Radebe told reporters a contentious strategic plan unveiled by National Director of Public Prosecutions Menzi Simelane last month which would have whittled away the autonomy of the unit, was on hold.
He described the plan as "subjected to the context" of the government's justice and security performance delivery contract with President Jacob Zuma.
"One point that I will make very clear is that the Asset Forfeiture Unit remains intact as I believe it has to play a very critical role, in particular (to) corruption where we expect that by 2014 we will successfully convict at least 100 people who have assets of more than R5m restrained."
Other units also staying
Radebe said three other specialised units within the National Prosecuting Authority (NPA) - the specialised commercial crime unit, the priority crimes litigation unit and the sexual offences unit - would also continue work in their current form.
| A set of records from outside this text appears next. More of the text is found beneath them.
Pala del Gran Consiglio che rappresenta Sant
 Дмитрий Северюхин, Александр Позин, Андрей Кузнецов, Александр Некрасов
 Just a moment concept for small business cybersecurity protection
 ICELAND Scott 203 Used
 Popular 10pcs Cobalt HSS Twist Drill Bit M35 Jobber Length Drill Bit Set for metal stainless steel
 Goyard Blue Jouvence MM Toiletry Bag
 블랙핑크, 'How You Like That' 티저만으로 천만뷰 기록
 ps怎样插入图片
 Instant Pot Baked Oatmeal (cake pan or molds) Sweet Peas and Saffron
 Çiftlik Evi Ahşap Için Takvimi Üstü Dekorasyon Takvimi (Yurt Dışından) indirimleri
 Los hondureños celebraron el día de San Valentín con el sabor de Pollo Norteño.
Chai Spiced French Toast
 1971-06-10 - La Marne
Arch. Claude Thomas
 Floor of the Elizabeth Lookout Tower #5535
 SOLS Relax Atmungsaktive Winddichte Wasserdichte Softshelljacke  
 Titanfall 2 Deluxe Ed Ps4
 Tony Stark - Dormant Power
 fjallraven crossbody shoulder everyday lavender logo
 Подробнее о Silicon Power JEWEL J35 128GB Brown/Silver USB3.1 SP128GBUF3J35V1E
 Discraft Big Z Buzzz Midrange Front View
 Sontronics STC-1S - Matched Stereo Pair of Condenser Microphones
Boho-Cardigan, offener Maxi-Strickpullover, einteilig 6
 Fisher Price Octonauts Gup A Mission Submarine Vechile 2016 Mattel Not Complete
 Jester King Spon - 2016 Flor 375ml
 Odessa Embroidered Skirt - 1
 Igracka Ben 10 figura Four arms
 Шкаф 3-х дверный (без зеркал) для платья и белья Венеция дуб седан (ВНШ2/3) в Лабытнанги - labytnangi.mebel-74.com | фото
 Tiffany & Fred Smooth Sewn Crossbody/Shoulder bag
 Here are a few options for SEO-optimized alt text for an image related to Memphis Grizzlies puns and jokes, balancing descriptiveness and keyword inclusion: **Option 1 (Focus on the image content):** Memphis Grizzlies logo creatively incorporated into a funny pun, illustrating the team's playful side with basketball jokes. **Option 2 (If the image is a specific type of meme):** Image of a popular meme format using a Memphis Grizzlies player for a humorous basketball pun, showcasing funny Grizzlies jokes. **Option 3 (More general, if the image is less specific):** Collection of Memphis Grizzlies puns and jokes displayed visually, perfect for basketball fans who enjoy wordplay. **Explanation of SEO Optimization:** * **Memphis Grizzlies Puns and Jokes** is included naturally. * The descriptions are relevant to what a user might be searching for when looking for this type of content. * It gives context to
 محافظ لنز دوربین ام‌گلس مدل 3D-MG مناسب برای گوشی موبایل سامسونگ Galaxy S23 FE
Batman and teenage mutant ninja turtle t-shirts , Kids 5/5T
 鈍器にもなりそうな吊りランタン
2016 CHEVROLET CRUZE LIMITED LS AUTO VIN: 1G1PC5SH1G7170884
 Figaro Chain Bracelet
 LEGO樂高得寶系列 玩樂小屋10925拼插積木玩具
Simelane's five-year plan for the NPA had sought to decentralise the units by making their staff report to regional prosecution directors.
AFU head Willie Hofmeyr and his counterparts at the other units would have been reduced to the status of special advisors in Simelane's office.
But the proposal was put on hold after Radebe, who told MPs he had not been consulted, held an hour-long meeting with Simelane last week dominated by discussion of the future of the AFU.
The ministry however supports Simelane's ultimatum to Hofmeyr to choose between running the AFU and the corruption-fighting Special Investigating Unit. He had been in charge of both since 2001.
A source close to the minister said there was no firm deadline for Hofmeyr to announce a decision, but he had been asked to do so "as soon as humanly possible".
Briefing reporters ahead of his budget vote speech, Radebe said the security and justice cluster's performance contract stated eight broad goals.
These included reducing crime, especially violent crime, integrating the criminal justice system, fighting corruption in general and within the cluster, managing perceptions of crime and ensuring an efficient system for protecting South Africa's borders.
He said the ministries concerned this week started working on a delivery mechanism, which would be handed to the president and signed by him.
Radebe side-stepped a question on whether he would resign if the cluster failed to live up to its commitments, but added: "If there is no performance, there has to be a censor of some sort."